### The problem
Omit all pictures, and print word for word only the lines from the one containing "Vintage canvas drawer" through the end of the data.

### Given material
══════

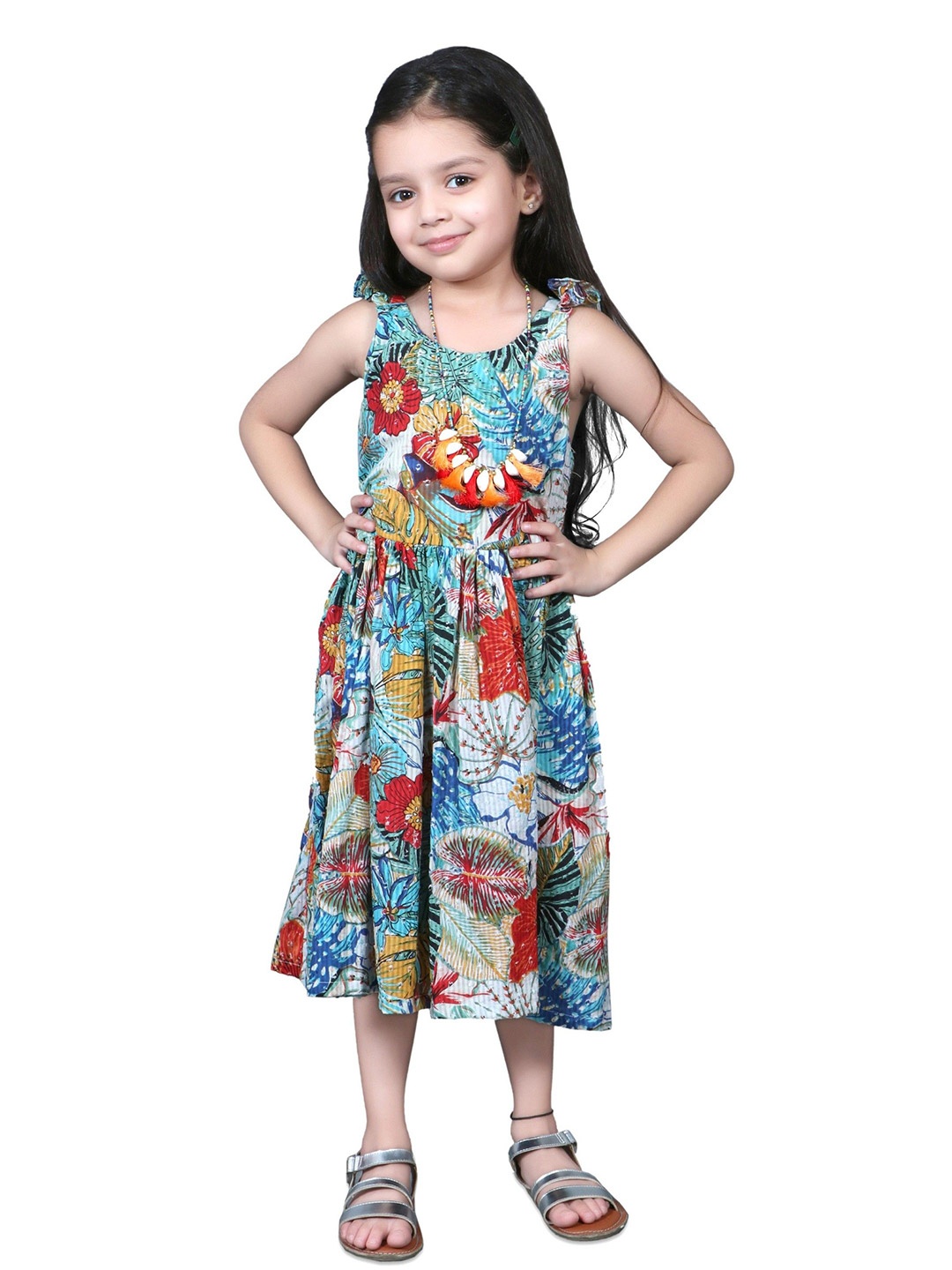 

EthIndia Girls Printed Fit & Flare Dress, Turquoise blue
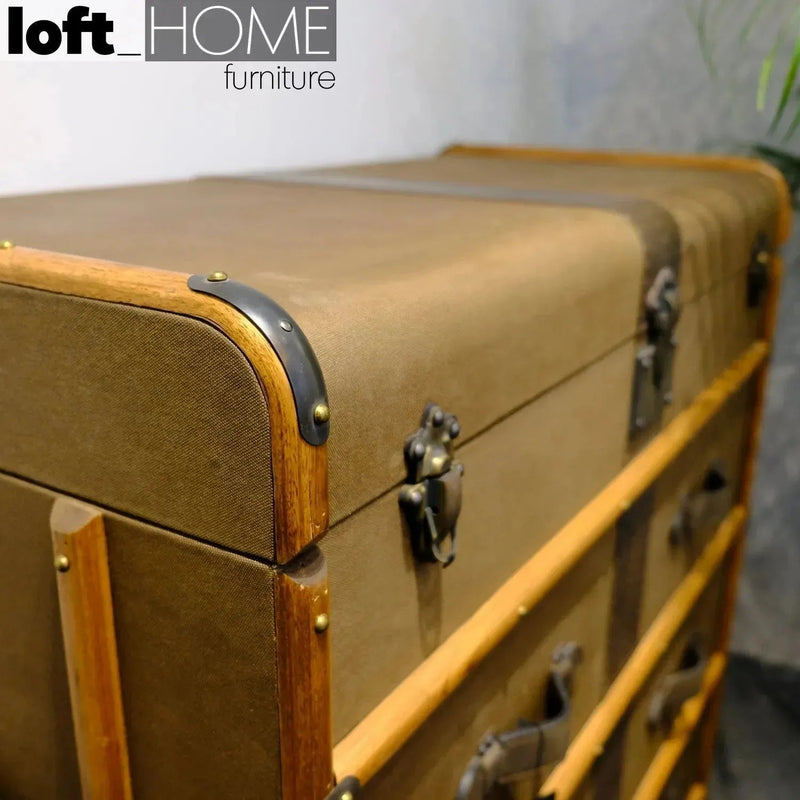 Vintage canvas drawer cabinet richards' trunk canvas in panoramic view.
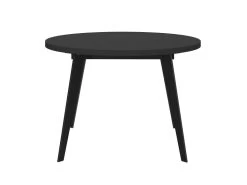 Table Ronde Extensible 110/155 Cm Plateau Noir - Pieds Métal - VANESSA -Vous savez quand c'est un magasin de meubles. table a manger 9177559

══════

### Exercise response
 Vintage canvas drawer cabinet richards' trunk canvas in panoramic view.
 Table Ronde Extensible 110/155 Cm Plateau Noir - Pieds Métal - VANESSA -Vous savez quand c'est un magasin de meubles. table a manger 9177559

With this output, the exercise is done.